[Problem description] In the records below, find the line that contains "2021 GAC Trumpchi" and the line that contains "Thunderkick strengthens 2025". Set down exactly those lines and every line between them, and nothing more.

[Dataset extract]
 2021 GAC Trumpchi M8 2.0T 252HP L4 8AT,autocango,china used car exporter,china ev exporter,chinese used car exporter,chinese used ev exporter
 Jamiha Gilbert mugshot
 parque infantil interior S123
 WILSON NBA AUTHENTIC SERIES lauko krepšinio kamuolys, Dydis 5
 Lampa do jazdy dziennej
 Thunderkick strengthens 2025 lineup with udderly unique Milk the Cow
* * *
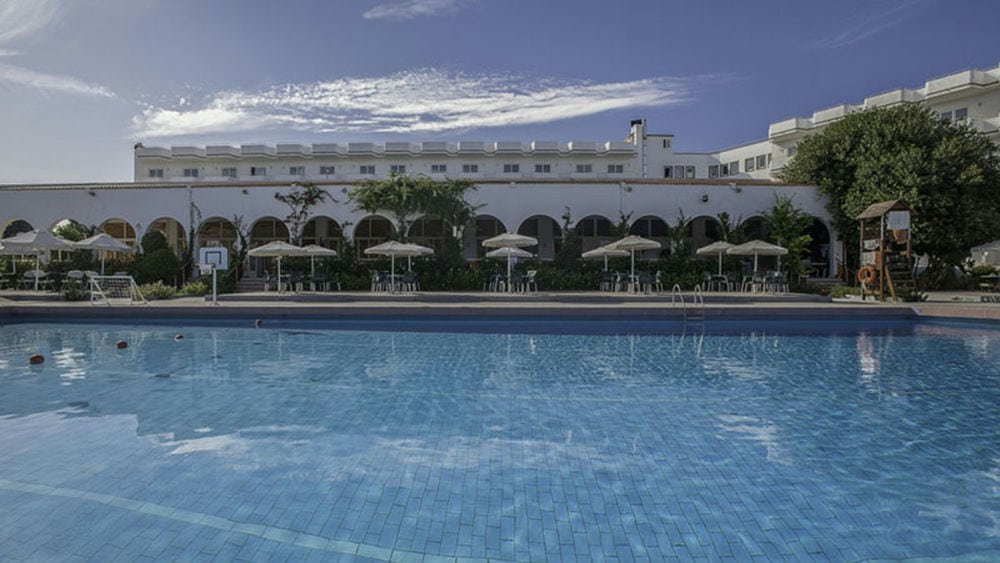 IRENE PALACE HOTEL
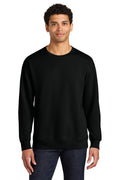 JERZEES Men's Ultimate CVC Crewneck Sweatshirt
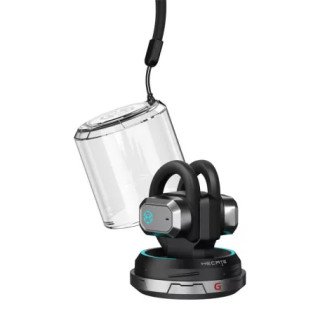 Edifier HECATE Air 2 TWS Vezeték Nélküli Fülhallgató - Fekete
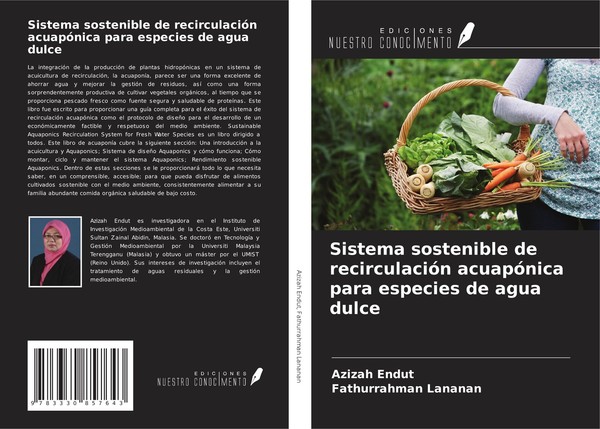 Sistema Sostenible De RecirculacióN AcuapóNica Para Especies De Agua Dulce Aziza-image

[The answer]
 2021 GAC Trumpchi M8 2.0T 252HP L4 8AT,autocango,china used car exporter,china ev exporter,chinese used car exporter,chinese used ev exporter
 Jamiha Gilbert mugshot
 parque infantil interior S123
 WILSON NBA AUTHENTIC SERIES lauko krepšinio kamuolys, Dydis 5
 Lampa do jazdy dziennej
 Thunderkick strengthens 2025 lineup with udderly unique Milk the Cow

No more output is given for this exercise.